WHAT IS REQUIRED — Restate the records below exactly. Pictures are not part of the copy.

Records from a data collection —
══════
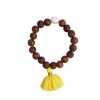 Jewelry * | Gresham Jax Pearl Bracelet Multi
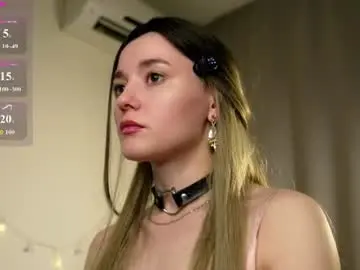 Chaturbate Adult Webcams of cutenass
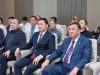 Шымкентте Мемлекет басшысының жаңа кітабына жоғары баға берілді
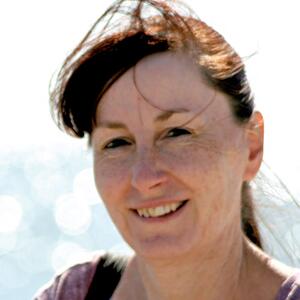 Anke-Daun
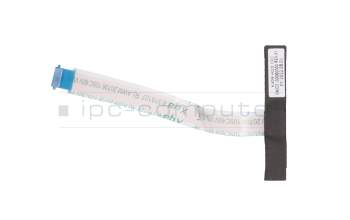 Asus Business P1411CDA Original Festplatten-Adapter für den 1. Festplatten Schacht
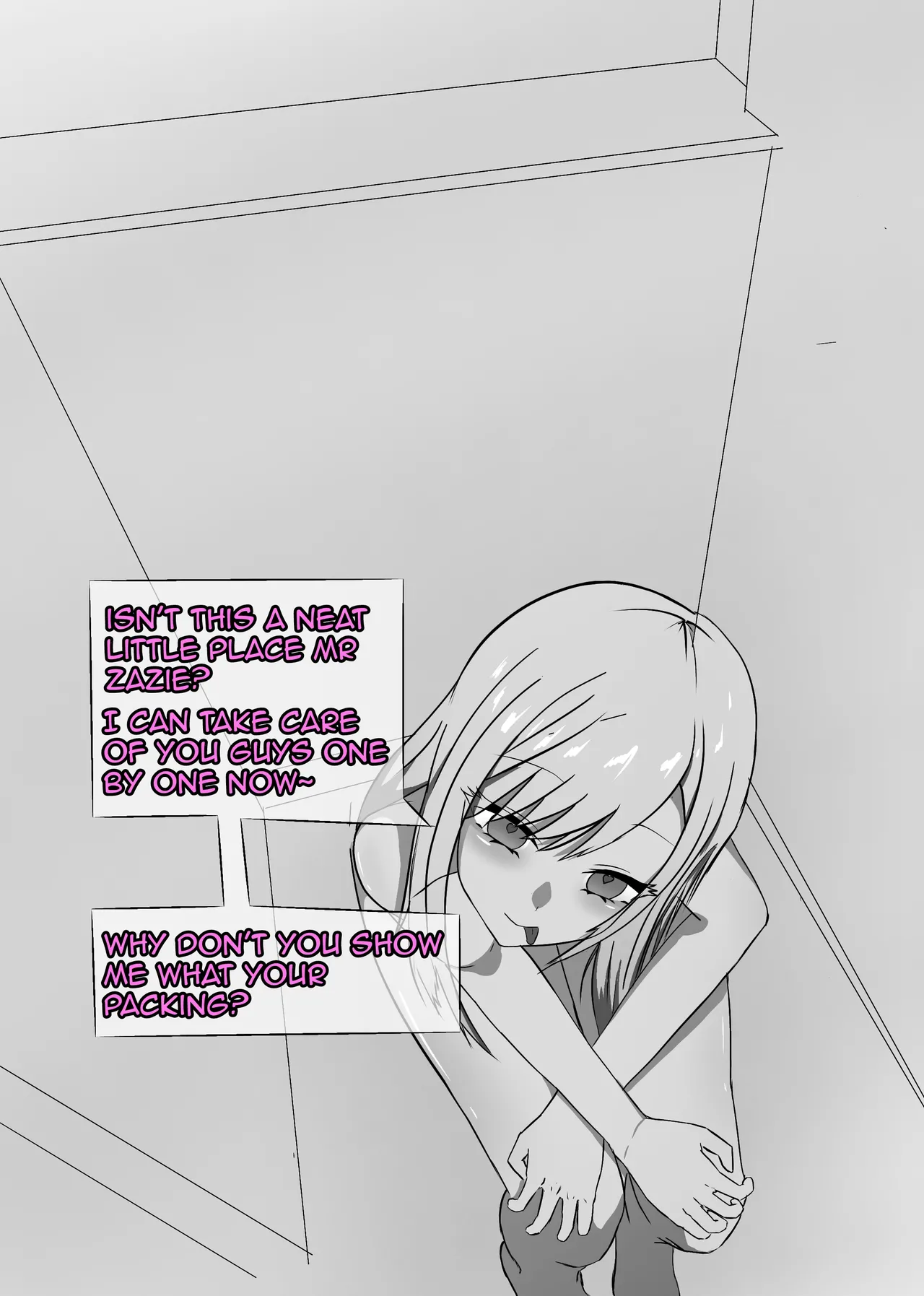 My Wife's NTR Diary 5 page 11 original parody - corruption unusual pupils hentai manga - read online free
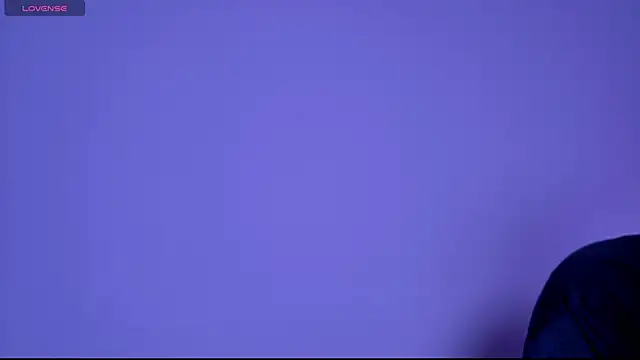 Curly_Girl_Anna's cam snapshot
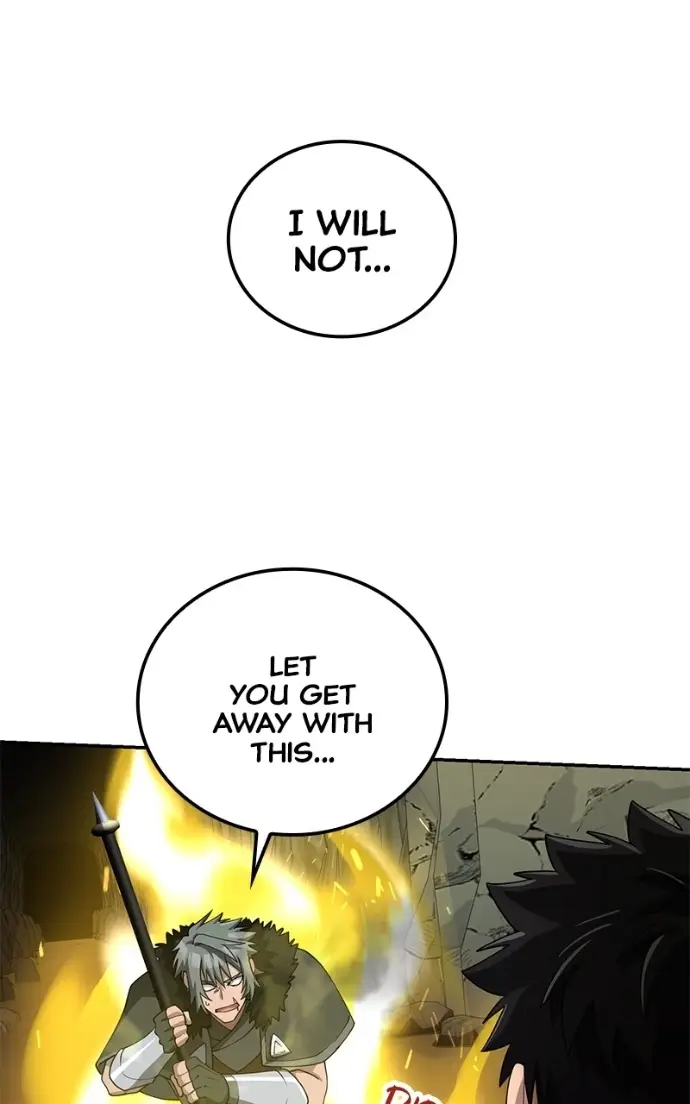 Read Monster Devourer EN Manga Online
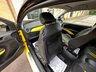USED 2014 64 VAUXHALL ADAM 1.2 SLAM 3d 69 BHP PART EXCHANGE TO CLEAR+TIDY EXAMPLE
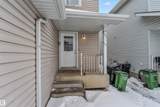96 4350 23 Street - Photo 32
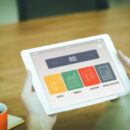 NexGen ROI: A New Model For Measuring The Impact Of Learning On Business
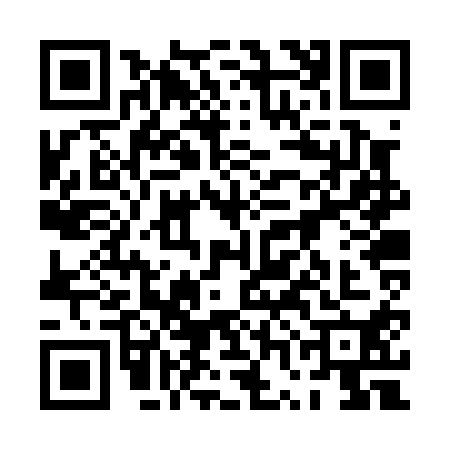 QR code for 0WBP105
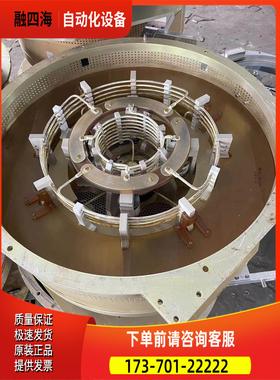 0010-64344 应用材料AMAT【议价】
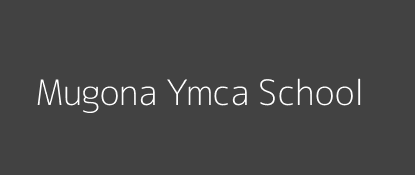Mugona Ymca School Mitheru Eastern Province Image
══════
RESULT OF THE TASK —
 Jewelry * | Gresham Jax Pearl Bracelet Multi
 Chaturbate Adult Webcams of cutenass
 Шымкентте Мемлекет басшысының жаңа кітабына жоғары баға берілді
 Anke-Daun
 Asus Business P1411CDA Original Festplatten-Adapter für den 1. Festplatten Schacht
 My Wife's NTR Diary 5 page 11 original parody - corruption unusual pupils hentai manga - read online free
 Curly_Girl_Anna's cam snapshot
 Read Monster Devourer EN Manga Online
USED 2014 64 VAUXHALL ADAM 1.2 SLAM 3d 69 BHP PART EXCHANGE TO CLEAR+TIDY EXAMPLE
96 4350 23 Street - Photo 32
 NexGen ROI: A New Model For Measuring The Impact Of Learning On Business
 QR code for 0WBP105
 0010-64344 应用材料AMAT【议价】
Mugona Ymca School Mitheru Eastern Province Image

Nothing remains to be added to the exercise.